------ ENTRIES SHOWN

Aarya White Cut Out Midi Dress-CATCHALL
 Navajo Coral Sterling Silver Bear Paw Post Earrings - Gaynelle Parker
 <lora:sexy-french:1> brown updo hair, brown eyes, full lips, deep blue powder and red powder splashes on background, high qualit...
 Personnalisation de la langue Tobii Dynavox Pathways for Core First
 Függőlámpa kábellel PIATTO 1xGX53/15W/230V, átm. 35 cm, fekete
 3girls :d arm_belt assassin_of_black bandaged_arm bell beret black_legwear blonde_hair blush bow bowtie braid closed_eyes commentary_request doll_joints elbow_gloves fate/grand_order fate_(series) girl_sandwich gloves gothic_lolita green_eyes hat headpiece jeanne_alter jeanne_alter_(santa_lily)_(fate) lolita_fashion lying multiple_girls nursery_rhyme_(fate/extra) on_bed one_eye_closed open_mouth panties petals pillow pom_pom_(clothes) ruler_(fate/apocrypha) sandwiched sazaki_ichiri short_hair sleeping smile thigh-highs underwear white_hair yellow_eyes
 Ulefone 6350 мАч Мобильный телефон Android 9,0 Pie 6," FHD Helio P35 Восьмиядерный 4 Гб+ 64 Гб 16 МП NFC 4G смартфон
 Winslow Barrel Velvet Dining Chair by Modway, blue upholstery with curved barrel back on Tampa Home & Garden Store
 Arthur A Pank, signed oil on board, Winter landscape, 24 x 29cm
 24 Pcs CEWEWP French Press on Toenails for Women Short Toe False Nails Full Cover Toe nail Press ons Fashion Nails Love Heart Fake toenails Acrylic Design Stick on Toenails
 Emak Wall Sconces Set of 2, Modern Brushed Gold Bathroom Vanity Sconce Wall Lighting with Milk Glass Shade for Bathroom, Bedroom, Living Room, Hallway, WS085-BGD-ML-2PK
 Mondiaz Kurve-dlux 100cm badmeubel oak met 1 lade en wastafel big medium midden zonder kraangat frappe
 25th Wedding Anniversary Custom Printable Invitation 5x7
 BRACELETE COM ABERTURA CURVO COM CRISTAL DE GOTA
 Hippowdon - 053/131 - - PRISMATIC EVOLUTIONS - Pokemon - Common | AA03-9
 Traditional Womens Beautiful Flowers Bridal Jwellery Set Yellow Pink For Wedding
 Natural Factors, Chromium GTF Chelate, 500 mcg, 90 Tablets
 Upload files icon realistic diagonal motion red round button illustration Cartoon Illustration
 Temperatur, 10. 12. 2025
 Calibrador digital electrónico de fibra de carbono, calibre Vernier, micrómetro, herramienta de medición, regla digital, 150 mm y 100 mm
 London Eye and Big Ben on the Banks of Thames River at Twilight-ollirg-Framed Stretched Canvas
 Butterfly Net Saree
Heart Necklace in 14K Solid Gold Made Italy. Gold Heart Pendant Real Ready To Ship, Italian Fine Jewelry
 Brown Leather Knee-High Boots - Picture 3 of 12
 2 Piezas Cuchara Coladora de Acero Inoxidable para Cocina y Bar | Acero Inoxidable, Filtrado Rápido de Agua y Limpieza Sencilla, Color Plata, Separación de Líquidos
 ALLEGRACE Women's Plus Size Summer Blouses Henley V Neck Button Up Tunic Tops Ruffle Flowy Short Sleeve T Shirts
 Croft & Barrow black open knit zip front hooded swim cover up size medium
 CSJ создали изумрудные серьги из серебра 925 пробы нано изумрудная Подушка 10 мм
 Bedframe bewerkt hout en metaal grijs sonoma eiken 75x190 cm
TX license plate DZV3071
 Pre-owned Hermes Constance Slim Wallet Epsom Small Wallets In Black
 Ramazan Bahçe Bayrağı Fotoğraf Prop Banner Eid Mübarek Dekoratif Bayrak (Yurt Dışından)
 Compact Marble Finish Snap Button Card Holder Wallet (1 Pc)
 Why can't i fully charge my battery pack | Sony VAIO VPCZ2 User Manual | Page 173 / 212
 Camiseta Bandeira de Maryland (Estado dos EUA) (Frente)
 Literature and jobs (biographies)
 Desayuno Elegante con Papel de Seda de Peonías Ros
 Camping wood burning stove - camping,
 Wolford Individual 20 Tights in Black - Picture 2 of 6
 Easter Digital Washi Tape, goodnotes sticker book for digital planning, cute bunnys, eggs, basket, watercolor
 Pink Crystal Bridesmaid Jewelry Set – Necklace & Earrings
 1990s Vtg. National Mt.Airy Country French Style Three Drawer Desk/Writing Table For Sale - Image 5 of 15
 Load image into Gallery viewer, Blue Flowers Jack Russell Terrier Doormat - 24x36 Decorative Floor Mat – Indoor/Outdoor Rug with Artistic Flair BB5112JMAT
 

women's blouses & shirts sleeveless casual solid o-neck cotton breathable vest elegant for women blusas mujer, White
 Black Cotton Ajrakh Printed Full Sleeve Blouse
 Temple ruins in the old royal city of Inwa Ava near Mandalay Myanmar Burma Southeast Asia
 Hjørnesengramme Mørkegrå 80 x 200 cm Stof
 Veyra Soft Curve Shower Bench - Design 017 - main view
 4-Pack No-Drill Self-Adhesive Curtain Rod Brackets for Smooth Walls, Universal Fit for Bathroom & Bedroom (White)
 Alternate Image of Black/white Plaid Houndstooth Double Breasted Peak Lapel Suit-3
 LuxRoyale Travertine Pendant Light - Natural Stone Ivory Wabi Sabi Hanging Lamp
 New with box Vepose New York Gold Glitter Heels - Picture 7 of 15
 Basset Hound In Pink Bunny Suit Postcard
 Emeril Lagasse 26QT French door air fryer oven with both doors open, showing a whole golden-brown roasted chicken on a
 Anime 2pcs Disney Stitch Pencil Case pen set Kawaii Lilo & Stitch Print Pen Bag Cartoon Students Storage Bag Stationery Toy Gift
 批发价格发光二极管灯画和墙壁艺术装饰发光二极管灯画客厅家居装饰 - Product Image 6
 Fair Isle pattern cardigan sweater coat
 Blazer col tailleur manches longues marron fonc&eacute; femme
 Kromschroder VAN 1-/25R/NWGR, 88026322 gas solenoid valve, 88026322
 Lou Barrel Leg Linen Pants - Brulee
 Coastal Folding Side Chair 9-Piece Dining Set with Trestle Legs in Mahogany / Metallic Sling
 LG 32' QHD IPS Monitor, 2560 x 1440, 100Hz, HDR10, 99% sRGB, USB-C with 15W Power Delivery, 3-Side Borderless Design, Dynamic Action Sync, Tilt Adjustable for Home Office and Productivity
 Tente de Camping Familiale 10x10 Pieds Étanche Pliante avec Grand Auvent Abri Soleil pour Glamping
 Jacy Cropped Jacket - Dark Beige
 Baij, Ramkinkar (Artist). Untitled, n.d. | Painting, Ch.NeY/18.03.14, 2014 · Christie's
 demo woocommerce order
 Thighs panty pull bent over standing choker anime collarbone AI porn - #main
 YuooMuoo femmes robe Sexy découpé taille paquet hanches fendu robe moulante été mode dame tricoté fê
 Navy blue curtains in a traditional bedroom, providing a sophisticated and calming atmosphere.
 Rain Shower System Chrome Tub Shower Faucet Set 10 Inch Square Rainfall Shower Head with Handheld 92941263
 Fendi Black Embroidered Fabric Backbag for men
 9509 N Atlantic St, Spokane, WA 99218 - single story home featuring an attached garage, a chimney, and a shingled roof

------------

■ **ASSIGNMENT**:
Of the entries above, repeat exactly the lines between the line with "Camiseta Bandeira de" and the line with "Pink Crystal Bridesmaid", inclusive, and no others.

■ **ANSWER SPACE**:
 Camiseta Bandeira de Maryland (Estado dos EUA) (Frente)
 Literature and jobs (biographies)
 Desayuno Elegante con Papel de Seda de Peonías Ros
 Camping wood burning stove - camping,
 Wolford Individual 20 Tights in Black - Picture 2 of 6
 Easter Digital Washi Tape, goodnotes sticker book for digital planning, cute bunnys, eggs, basket, watercolor
 Pink Crystal Bridesmaid Jewelry Set – Necklace & Earrings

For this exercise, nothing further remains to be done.